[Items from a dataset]
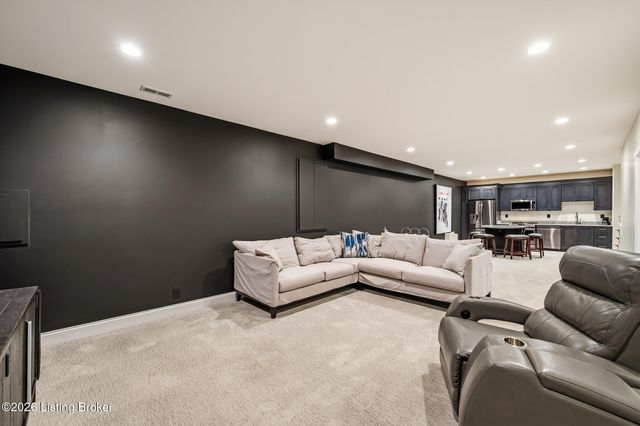 310 Kirkwood Glen Cir, Louisville, KY 40207
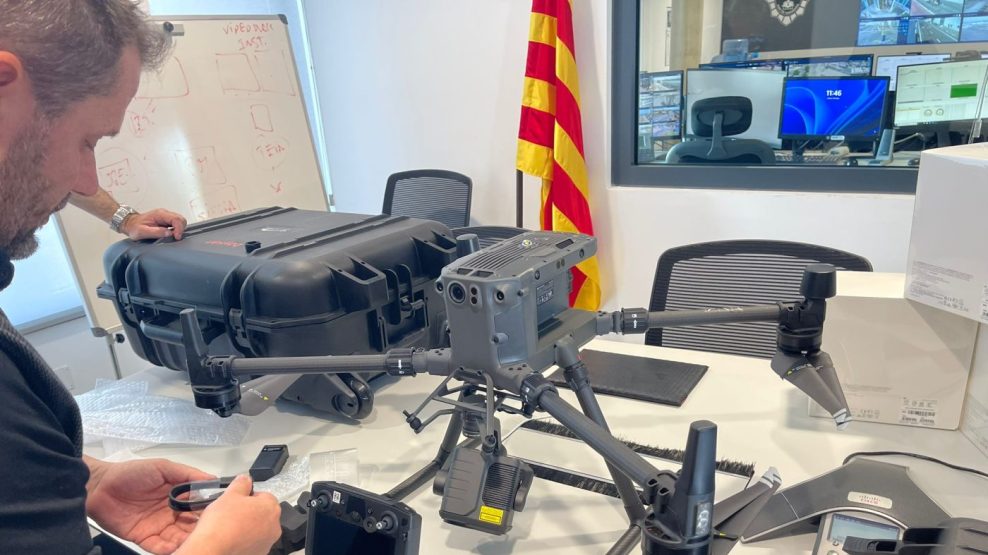 SPPLB_ALGECIRAS's tweet card. España: El puerto de Tarragona incorpora drones para reforzar las operativas de seguridad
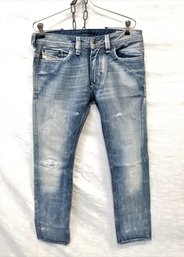 Men's RARE Diesel THANAZ  Distressed Light Wash Denim Jeans Made In Italy Size 30 X 30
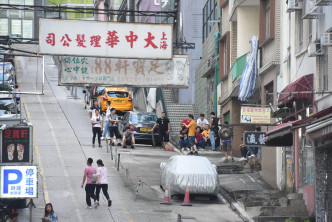 明園西街有多名居民聚集。 徐裕民攝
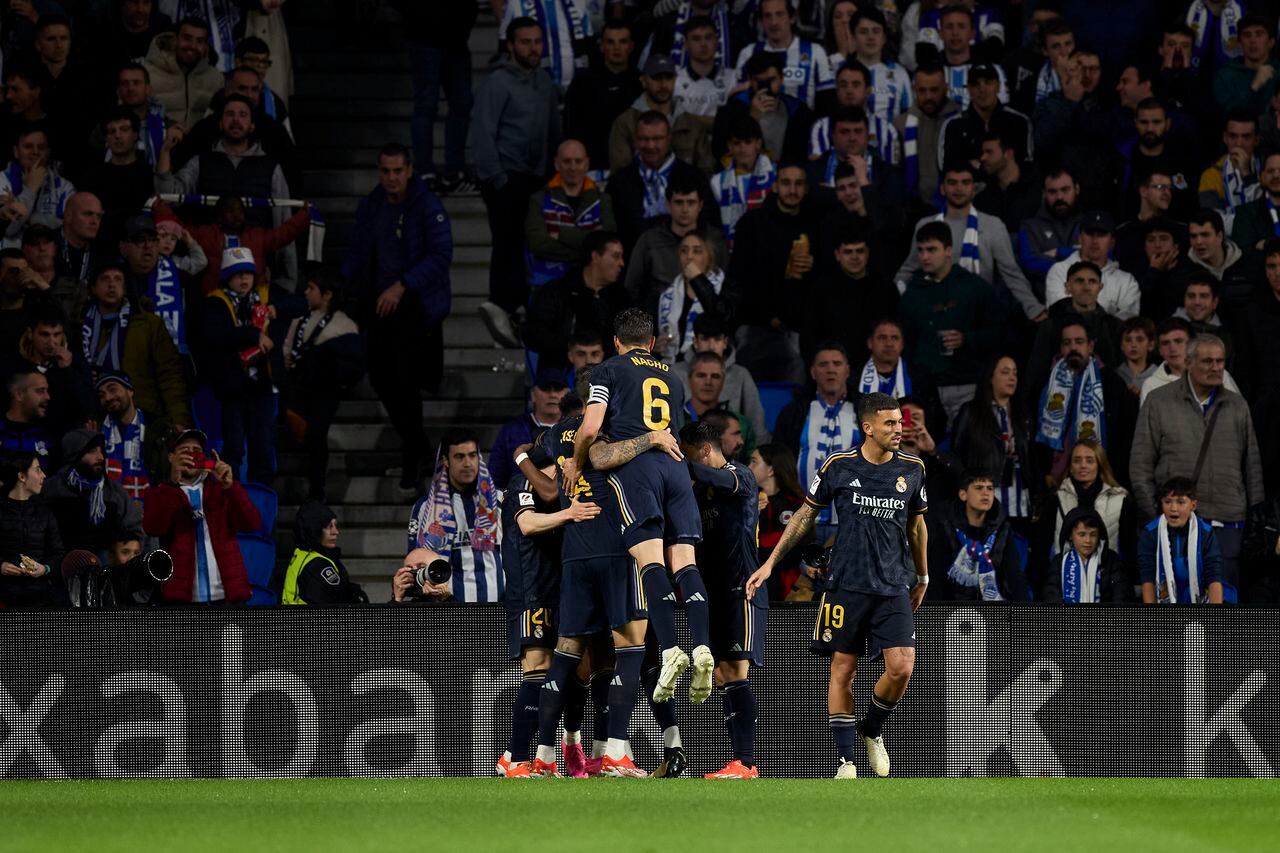 Arda Guler del Real Madrid CF celebra tras marcar el primer gol del equipo durante el partido de LaLiga EA Sports entre la Real Sociedad y el Real Madrid CF en el Reale Arena el 26 de abril de 2024, en San Sebastián, España.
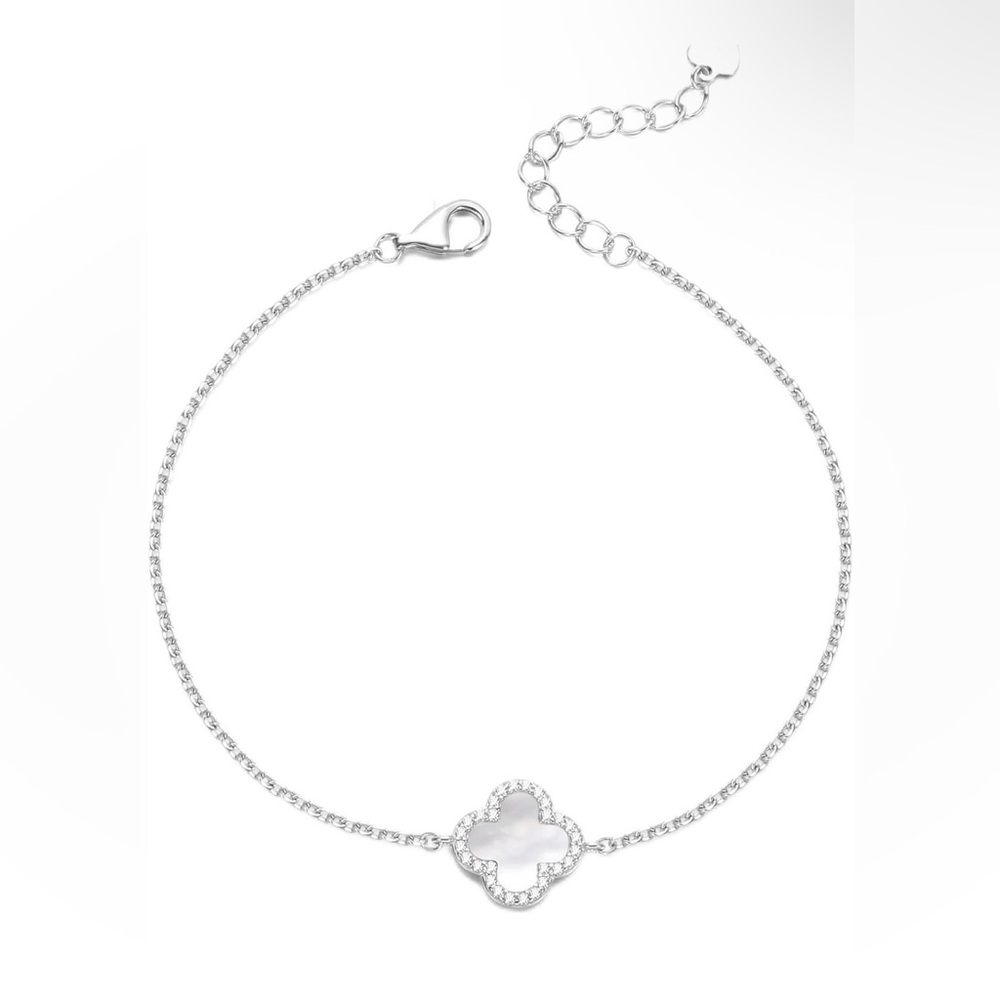 Chic Silver Clover Bracelet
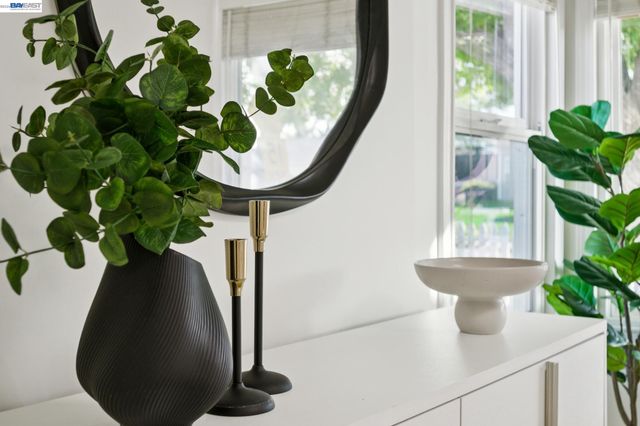 2690 Watson St, Castro Valley, CA 94546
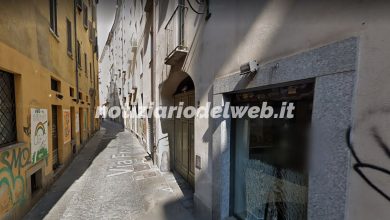 Via Bonelli Torino donna precipita da un balcone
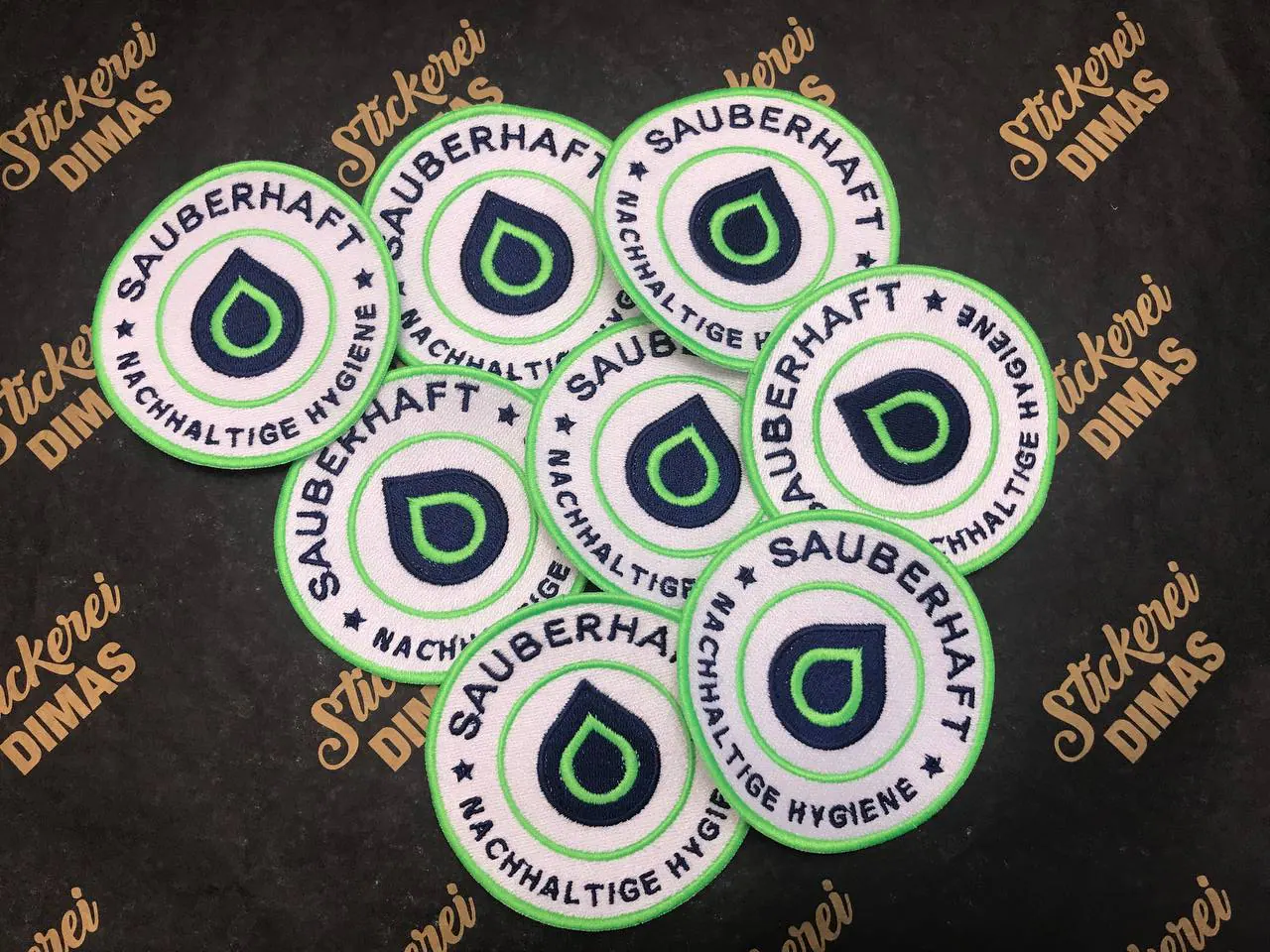 Vollgestickte Aufnäher Nahaufnahme – Produktion Wien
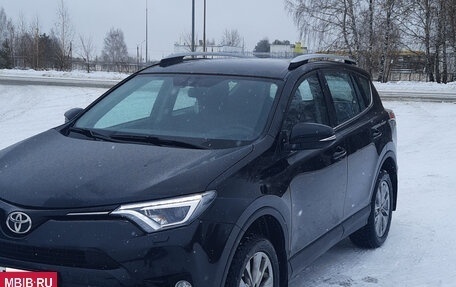 Toyota RAV4, 2018 год, 2 600 000 рублей, 2 фотография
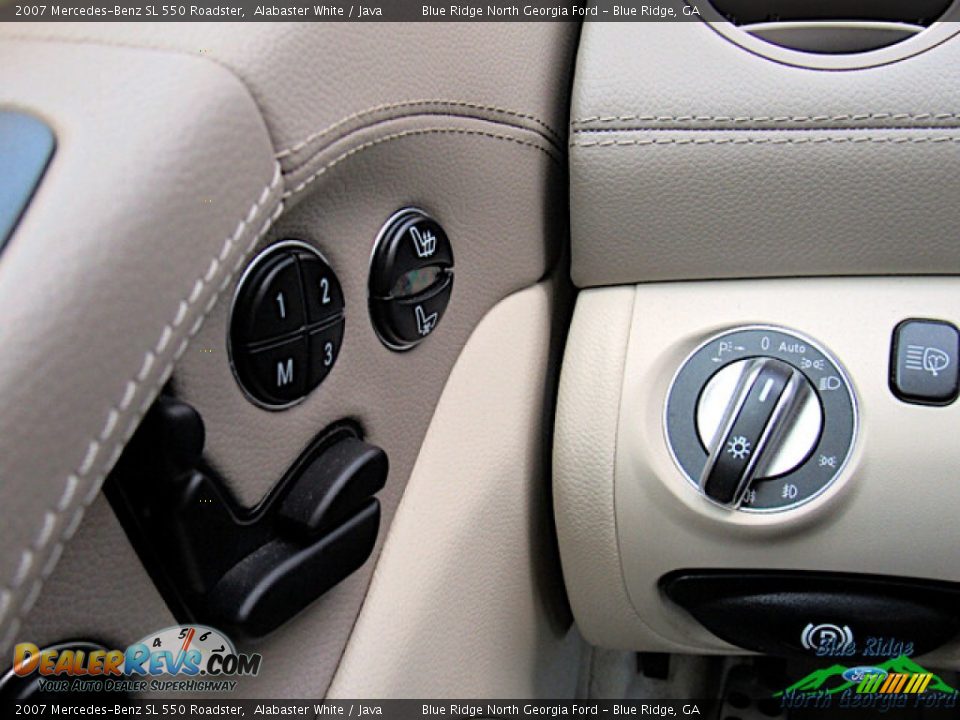 2007 Mercedes-Benz SL 550 Roadster Alabaster White / Java Photo #21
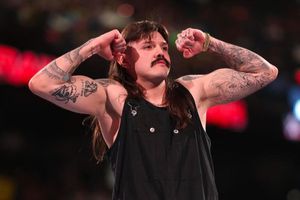 Dominik Mysterio sobre Backlash en México: 'Ojalá pase, se merecen un PLE'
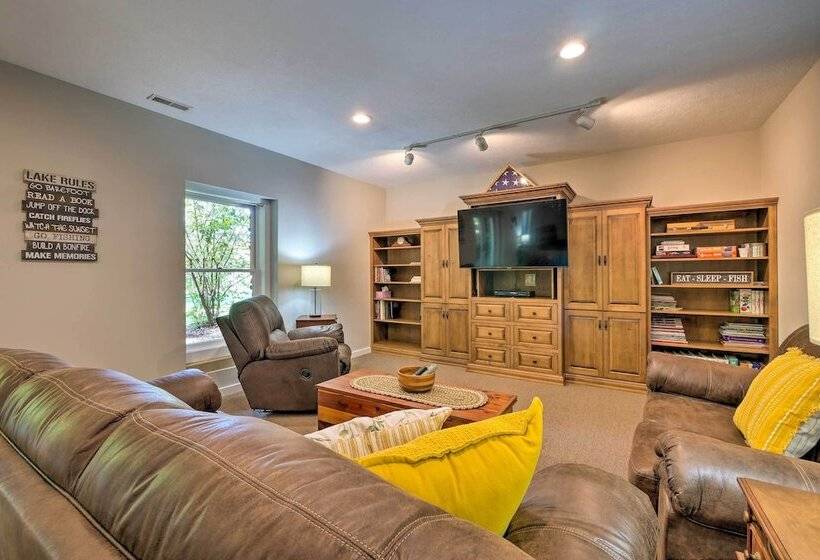 The Red Pine Cabin  W/ Private Pond & Dock!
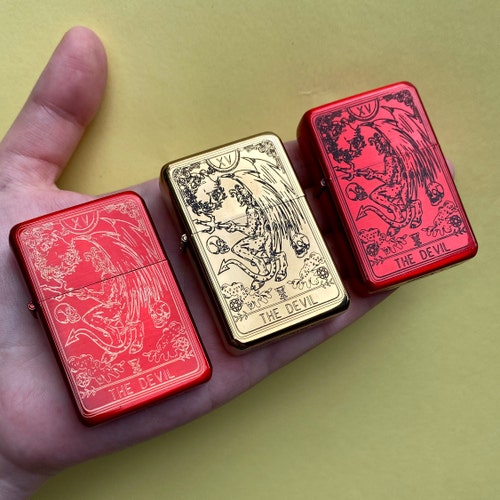 The Devil tarot card engraved lighter, engraved lighter, tarot card engraving, cool lighter, gold tarot card, tarot card lighter, lighter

**Exercise objective**
Could you repeat each line above exactly as written? Omit the pictures.

**Exercise answer**
 310 Kirkwood Glen Cir, Louisville, KY 40207
 SPPLB_ALGECIRAS's tweet card. España: El puerto de Tarragona incorpora drones para reforzar las operativas de seguridad
 Men's RARE Diesel THANAZ  Distressed Light Wash Denim Jeans Made In Italy Size 30 X 30
 明園西街有多名居民聚集。 徐裕民攝
 Arda Guler del Real Madrid CF celebra tras marcar el primer gol del equipo durante el partido de LaLiga EA Sports entre la Real Sociedad y el Real Madrid CF en el Reale Arena el 26 de abril de 2024, en San Sebastián, España.
 Chic Silver Clover Bracelet
 2690 Watson St, Castro Valley, CA 94546
 Via Bonelli Torino donna precipita da un balcone
 Vollgestickte Aufnäher Nahaufnahme – Produktion Wien
 Toyota RAV4, 2018 год, 2 600 000 рублей, 2 фотография
 2007 Mercedes-Benz SL 550 Roadster Alabaster White / Java Photo #21
 Dominik Mysterio sobre Backlash en México: 'Ojalá pase, se merecen un PLE'
 The Red Pine Cabin  W/ Private Pond & Dock!
 The Devil tarot card engraved lighter, engraved lighter, tarot card engraving, cool lighter, gold tarot card, tarot card lighter, lighter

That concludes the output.